Recorded data below:
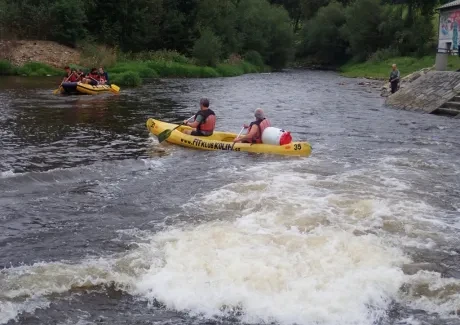 STK - vodáci na Vltavě i ve Vltavě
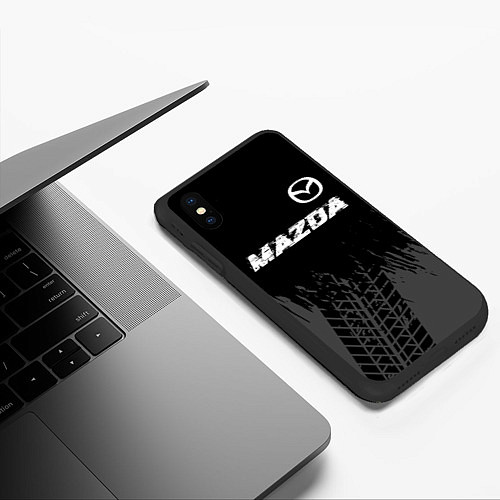 Чехол iPhone XS Max матовый Mazda speed на темном фоне со следами шин: символ / 3D-Черный – фото 3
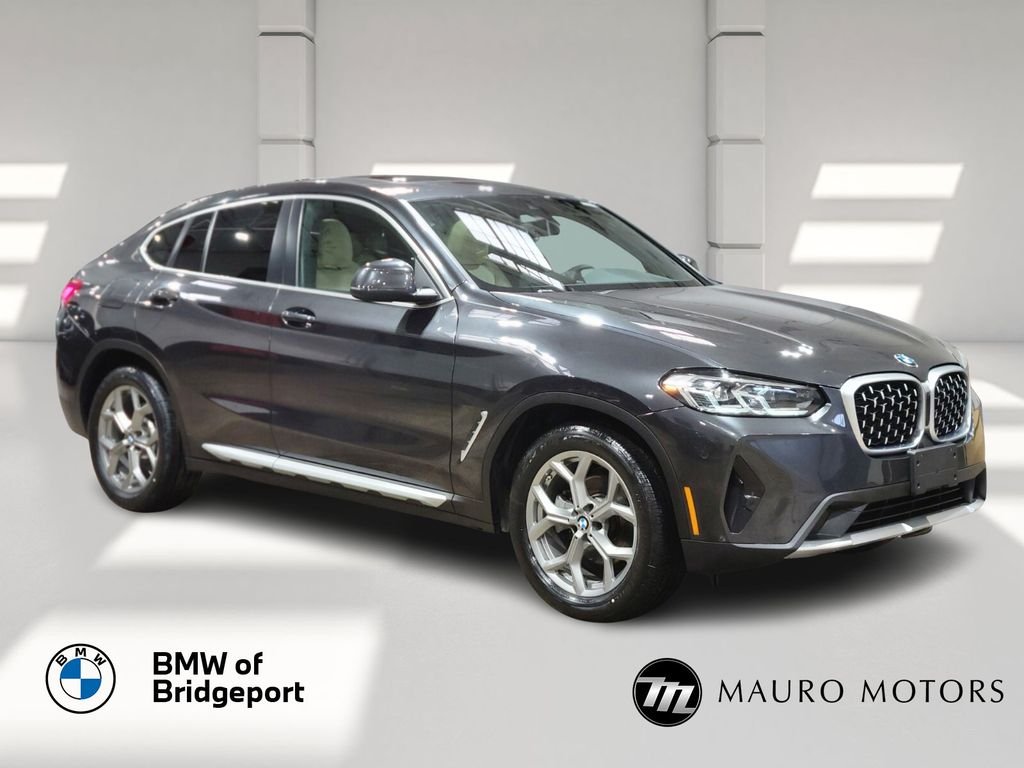 2023 BMW X4 xDrive30i's photo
End of Recorded data.
- [Exercise details]: When you retype the listing, keep every line exactly as it is and drop the pictures.

- [Task solution]:
 STK - vodáci na Vltavě i ve Vltavě
 Чехол iPhone XS Max матовый Mazda speed на темном фоне со следами шин: символ / 3D-Черный – фото 3
 2023 BMW X4 xDrive30i's photo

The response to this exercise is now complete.